La Terrasse

"La culture est une résistance à la distraction" Pasolini

Théâtre - Critique

Sous l’œil d’Œdipe

Sous l’œil d’Œdipe - Critique sortie Théâtre
Crédit photo : Mario del Curto Légende photo : Joël Jouanneau offre aux Labdacides la force de l’unification poétique.

Publié le 10 janvier 2010

Puisant aux sources antiques une matière dramaturgique qu’il met en forme dans une langue poétique audacieuse et belle, Joël Jouanneau réécrit avec talent l’histoire des Labdacides.

Cadmos, premier roi et fondateur de Thèbes eut un fils dont le fils, Labdacos, engendra Laïos, père d’Œdipe qui eut de sa mère des enfants scandaleux, Ismène et Antigone, Etéocle et Polynice, promis au trépas puisque nés d’une matrice endogame. Les Labdacides, descendants de Labdacos, ont inspiré les grands tragiques grecs : Sophocle, Eschyle et Euripide narrent tous une partie de leur destin. Si les Atrides trouvent dans L’Orestie d’Eschyle l’unité dramatique et poétique de leur histoire, la geste maudite des fils de Cadmos est soumise à la variation des styles, des langues et des points de vue.
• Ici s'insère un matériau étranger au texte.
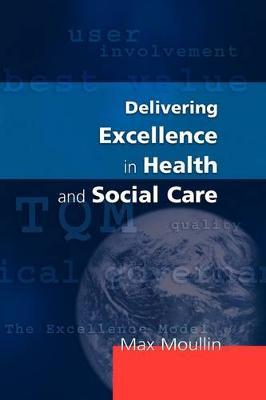 Delivering Excellence In Health And Social Care by Max Moullin image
Ce pourquoi le projet de Joël Jouanneau de réunir en un même spectacle et dans l’unité d’une seule poésie le récit des déboires fatals de ce clan est intéressant. Le pari était osé et Jouanneau le gagne haut la main en composant un texte original qui emprunte ses couleurs aux matériaux antiques mais aussi au très beau poème que Yannis Ritsos offrit à Ismène l’incomprise, tout comme à une inspiration propre qui sait se dégager, en ses formes et ses variations, de la seule imitation.
 
Une distribution en constellation d’individualités brillantes
 
Jouanneau œuvre en liberté. Jocaste n’apparaît pas sur scène, Cadmos en revanche est là qui gronde et répète la honte de sa race, Tirésias campe le pendant voyant d’Œdipe l’aveuglé et la part est laissée belle aux héritiers, ces enfants qui choisissent chacun des voies différentes pour sortir du labyrinthe de la nécessité et échouent tous à en trouver l’issue. Les comédiens qui s’emparent de ces figures réussissent le tour de force de les individualiser par un jeu intense. Si l’harmonie de la troupe est indéniable et si l’unité spectaculaire est solide, le charisme de chaque comédien réussit à montrer combien le personnage tragique est seul face au destin. Ainsi Cécile Garcia-Fogel qui fait de son Antigone une intouchable farouche ; ainsi la vibrante Sabrina Kouroughli qui offre à Ismène la dignité de celle qui oppose au refus le refus du refus et la beauté des choses à l’emphase des combats au goût de sang ; ainsi le sidérant Jacques Bonnaffé, en Œdipe irascible emmuré dans l’égoïsme de sa souffrance, infiniment poignant en clochard céleste. Servi par des acteurs qui investissent le texte dans l’autonomie de son renouveau et porté par une langue aussi limpide que poétique, le spectacle conçu, écrit et mis en scène par Joël Jouanneau est une remarquable réussite.
 
Catherine Robert


Sous l’œil d’Œdipe, texte et mise en scène de Joël Jouanneau. Du 7 au 28 janvier 2010. Mardi et jeudi à 19h30 ; mercredi, vendredi et samedi à 20h30 et dimanche à 16h. Théâtre de la Commune, 2, rue Edouard-Poisson, 93300 Aubervilliers. Réservations au 01 48 33 16 16. Spectacle vu au Festival d’Avignon 2009.